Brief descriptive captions

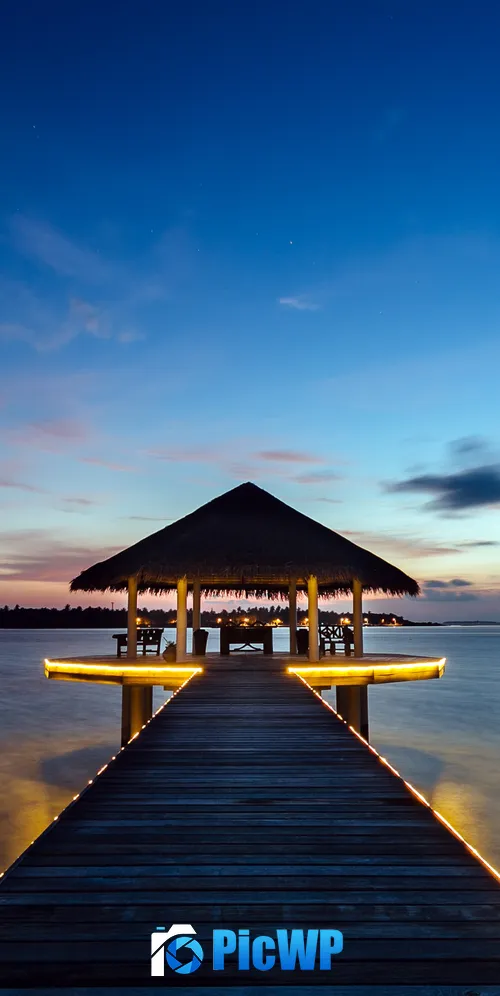 Kihaadhuffaru Island Maldives 3K Mobile Wallpaper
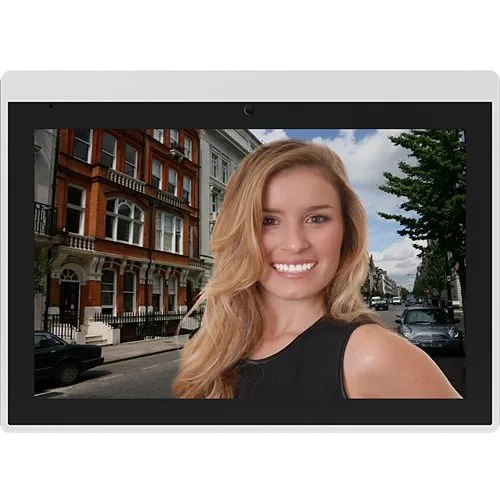 Alpha AT1000MSC 10" IP Touch Screen Monit-Silv+Cam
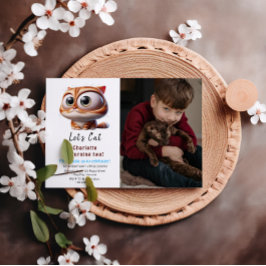 Lass uns Pawty! Niedliches Cat 2. Geburtstags Part Einladung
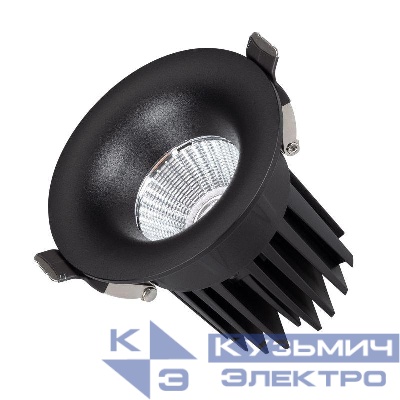 Светильник светодиодный MS-FOGGY-BUILT-R86-10W Warm3000 (BK 36 deg 230В) IP54 металл Arlight 044628
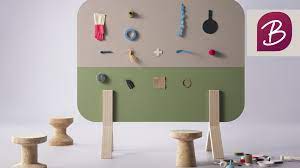 Forbo bulletin board linoleum material is suited for use as a notice board and provides a functional finish to walls, furniture, door panels and cupboards. Forbo Bulletin Board Die Designstarke Linoleum Pinnwand Bricoflor Blog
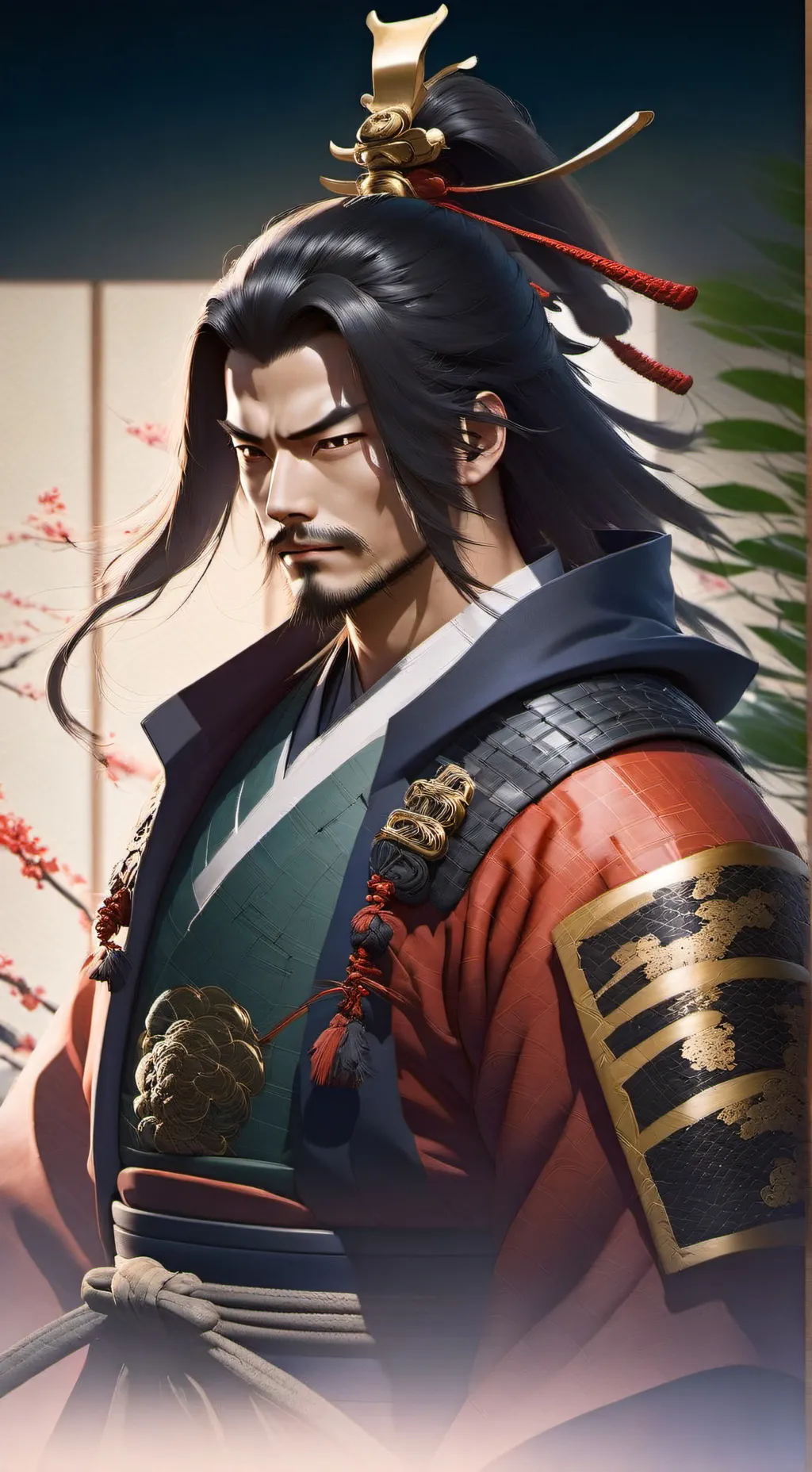 ai character: Kaito Takeda  background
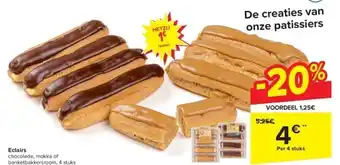 Carrefour Eclairs aanbieding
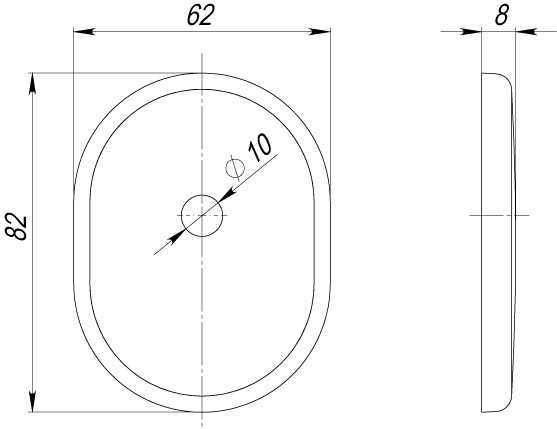 Декоративная накладка на цилиндр со штоком BK-DEC (ATC Protector 1) SC-14 Матовый хром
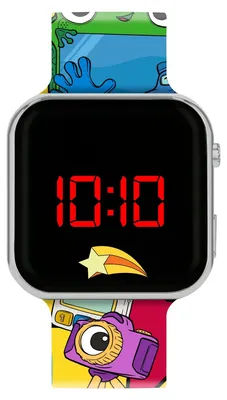 Produktbild von Disney Kids Toy Story Armbanduhr mit 5 LEDs, digital, bequem, Silikonarmband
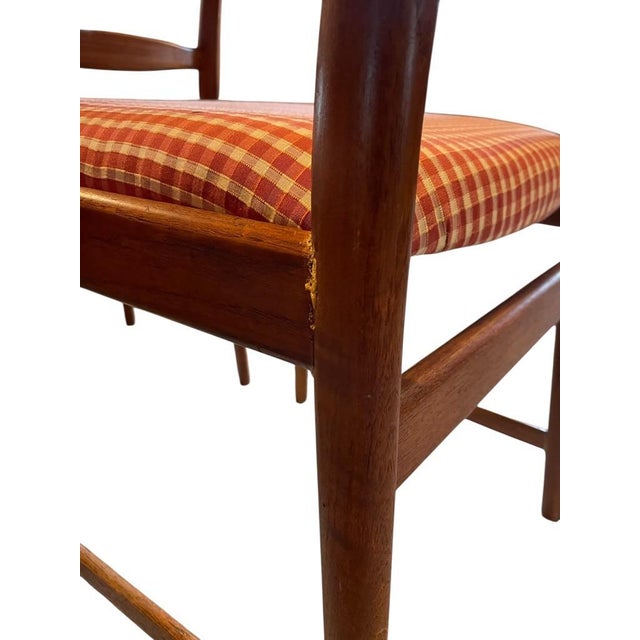 Torbjørn Afdal 1960s Attributed to Torbjørn Afdal for Vamo Sonderborg Teak Ladder-Back Dining Chairs - Set of 4 For Sale - Image 4 of 5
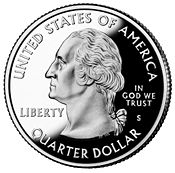 Washington is commemorated on the U.S. quarter.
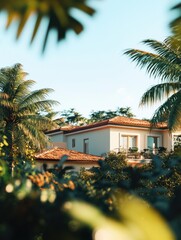 Fototapeta premium Tropical Paradise: Exquisite Beachside Residence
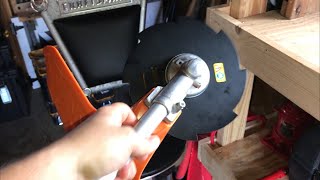 How To Install a Brush Cutter Blade on a STIHL Trimmer Head [upl. by Llenoj228]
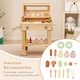image 7 of COSTWAY Wooden Barbecue Grill Toy Set Kids BBQ Grill Playset With Play Food Natural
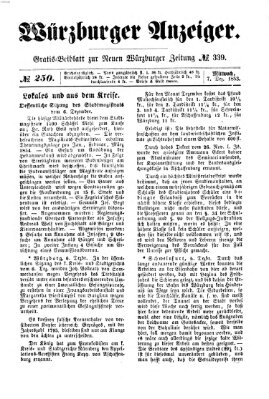 Würzburger Anzeiger (Neue Würzburger Zeitung) Mittwoch 7. Dezember 1853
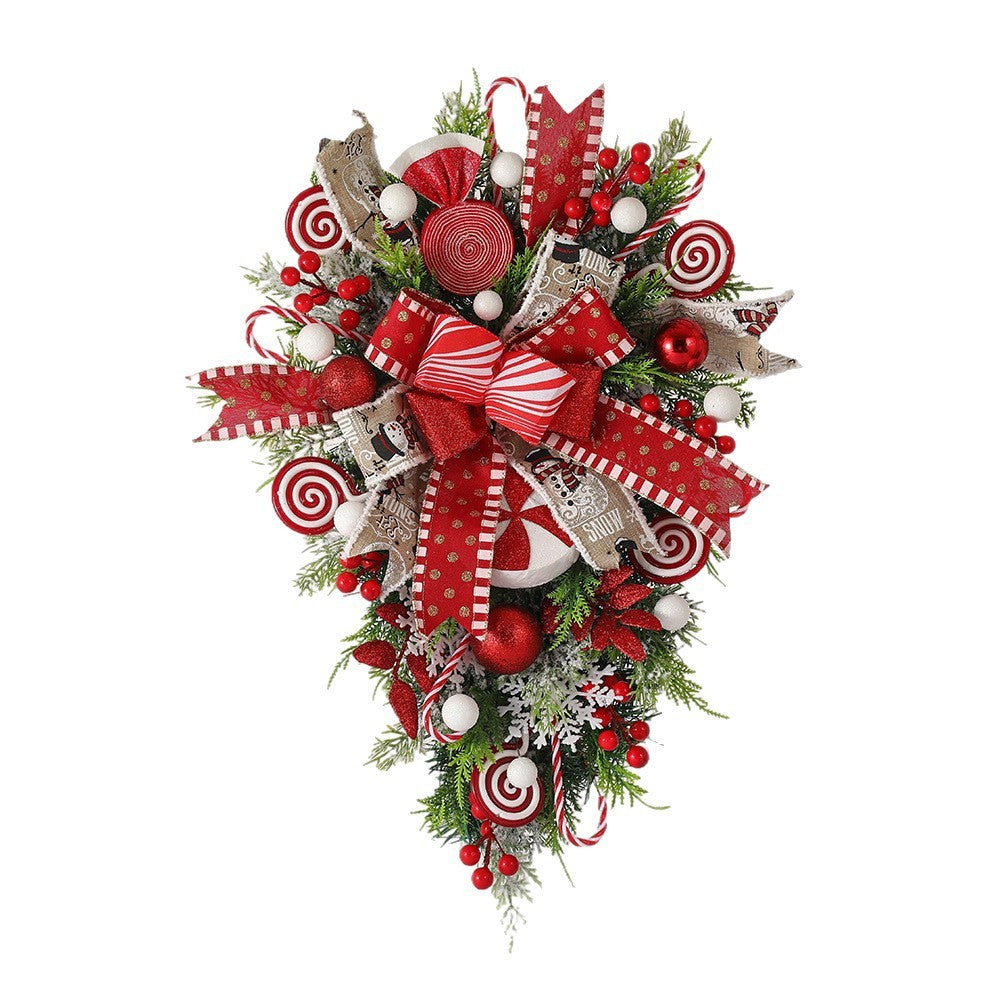 Christmas Wreath Candy Upside Down Tree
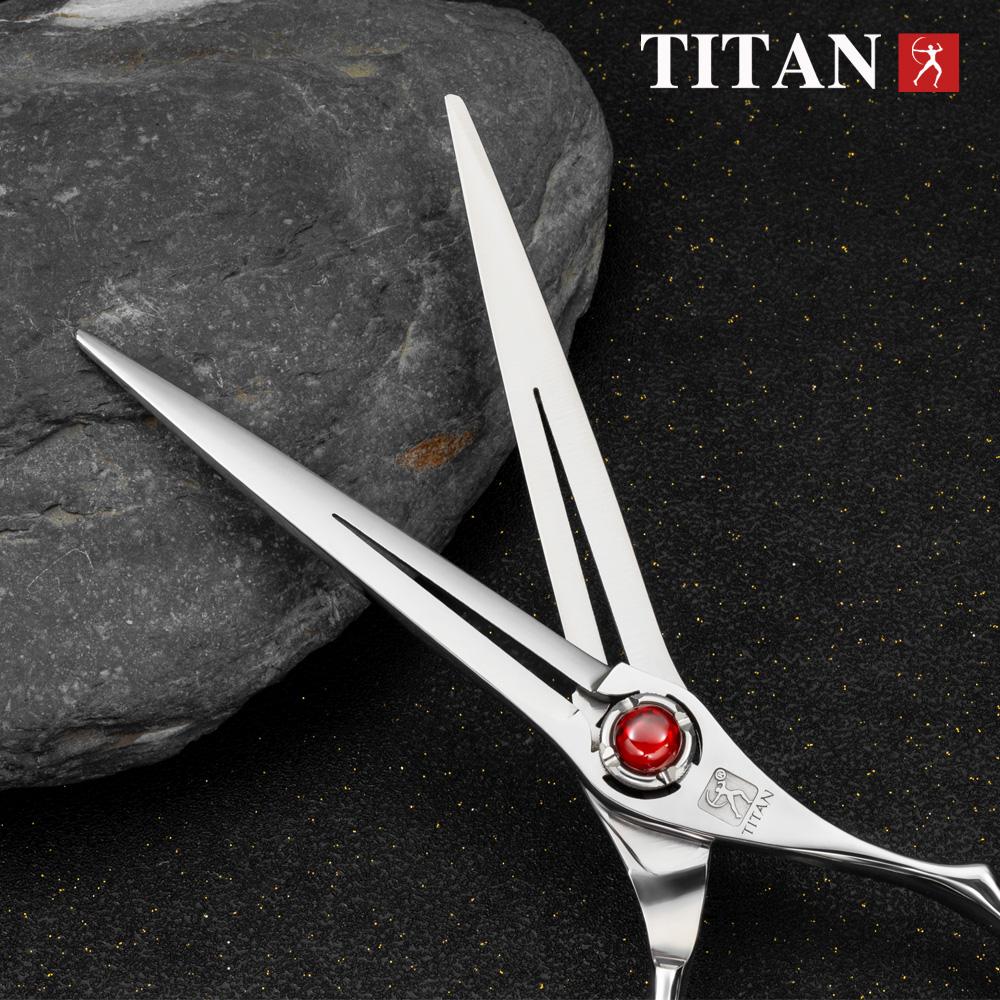 TITAN 7.0 7.5 дюймов профессиональные ножницы для груминга инструменты для питомцев машинка для стрижки собак ножницы для груминга питомцев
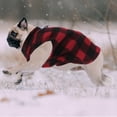 thumbnail image 6 of Unique Bargains Small Dog Cat Jumpers Plaid Polar Fleece Clothes Red Black XL, 6 of 7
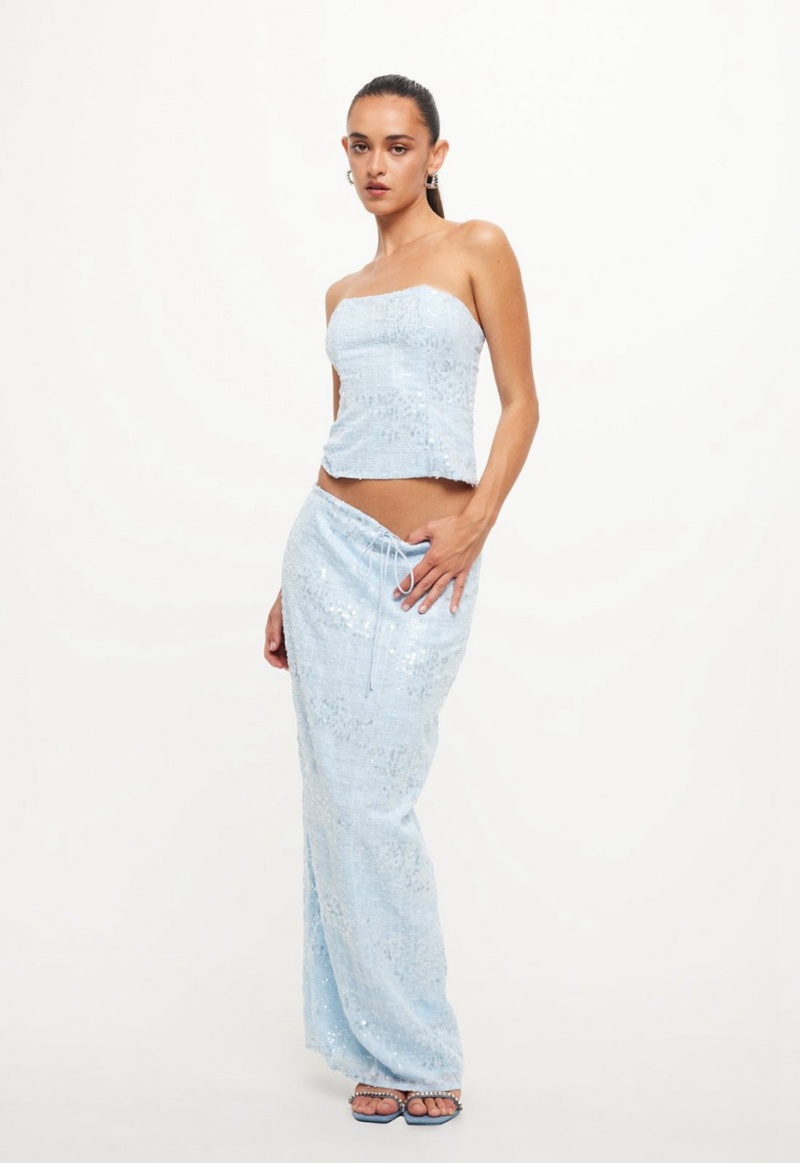 Lioness Shes All That Maxi Rok Lichtblauw | Nederland-OHGCR5038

### TASK TO CARRY OUT:
Excluding the pictures, output every entry above without alteration.

### SOLUTION:
 Kihaadhuffaru Island Maldives 3K Mobile Wallpaper
 Alpha AT1000MSC 10" IP Touch Screen Monit-Silv+Cam
 Lass uns Pawty! Niedliches Cat 2. Geburtstags Part Einladung
 Светильник светодиодный MS-FOGGY-BUILT-R86-10W Warm3000 (BK 36 deg 230В) IP54 металл Arlight 044628
 Forbo bulletin board linoleum material is suited for use as a notice board and provides a functional finish to walls, furniture, door panels and cupboards. Forbo Bulletin Board Die Designstarke Linoleum Pinnwand Bricoflor Blog
 ai character: Kaito Takeda  background
 Carrefour Eclairs aanbieding
 Декоративная накладка на цилиндр со штоком BK-DEC (ATC Protector 1) SC-14 Матовый хром
 Produktbild von Disney Kids Toy Story Armbanduhr mit 5 LEDs, digital, bequem, Silikonarmband
 Torbjørn Afdal 1960s Attributed to Torbjørn Afdal for Vamo Sonderborg Teak Ladder-Back Dining Chairs - Set of 4 For Sale - Image 4 of 5
 Washington is commemorated on the U.S. quarter.
 Fototapeta premium Tropical Paradise: Exquisite Beachside Residence
 How To Install a Brush Cutter Blade on a STIHL Trimmer Head [upl. by Llenoj228]
image 7 of COSTWAY Wooden Barbecue Grill Toy Set Kids BBQ Grill Playset With Play Food Natural
 Würzburger Anzeiger (Neue Würzburger Zeitung) Mittwoch 7. Dezember 1853
 Christmas Wreath Candy Upside Down Tree
 TITAN 7.0 7.5 дюймов профессиональные ножницы для груминга инструменты для питомцев машинка для стрижки собак ножницы для груминга питомцев
 thumbnail image 6 of Unique Bargains Small Dog Cat Jumpers Plaid Polar Fleece Clothes Red Black XL, 6 of 7
 Lioness Shes All That Maxi Rok Lichtblauw | Nederland-OHGCR5038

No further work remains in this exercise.